From now on, when you see the word “minimum”, good luck trying to not imagine a tiny British mother.
Boyfriend is mad at me because he said people are silly to spend $300 on tickets to “Shen Yun: 5,000 Years of Civilization Reborn” and I told him that’s a great deal in terms of years of civilization per dollar
They were tryna put dude out the bar last night for dressing like Jeffery dahmer, but come to find out bruh just looked like that
I’ve had no formal martial arts training, but I know for a fact the Power Rangers are wasting too much energy on unnecessary summersaults
I was out of tanning oil once, so I used PAM® Cooking Spray. The tan didn’t stick.

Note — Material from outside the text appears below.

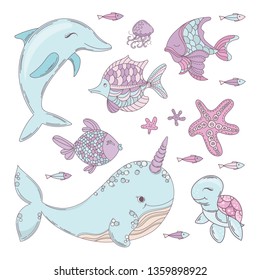 OCEAN ANIMALS sea ​​animals and fish underwater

This picture says the only time the queen has ever used a knife before this moment, is to kill someone.
Friend: I want my funeral to be a celebration of life and not sad or depressing.
Me: Screw that. I want people climbing onto my casket and asking God to take them too.
High Schools: Make sure your student gets plenty of sleep
Also High Schools: Bus comes at sunrise
The bananas in my fruit bowl were overripe
Fruit flies everywhere!
I tried to kill them
But I just ended up giving them a round of applause
I was highly offended until I realised HR were calling me incompetent and not incontinent.
My diet this week consisted of 6 cheat days
My neighbors with the fireworks would apparently like to wish everyone a happy July 7th.
Her: I’m not wearing underwear
Me: good thing I brought extra
Shepherd’s pie is the ratio of a shepherd’s circumference to its diameter
Wife: Let’s spice things up in the bedroom.
Me: Hey baby, I’ll tikka your masala. Heh.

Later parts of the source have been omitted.